▶ [TASK STATEMENT]
Set down each line of the listing exactly as it reads.

▶ [DATA EXTRACT]

########################################

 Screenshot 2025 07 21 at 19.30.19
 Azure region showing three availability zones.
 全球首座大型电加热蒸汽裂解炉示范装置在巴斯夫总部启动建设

########################################

▶ [REPLY]
 Screenshot 2025 07 21 at 19.30.19
 Azure region showing three availability zones.
 全球首座大型电加热蒸汽裂解炉示范装置在巴斯夫总部启动建设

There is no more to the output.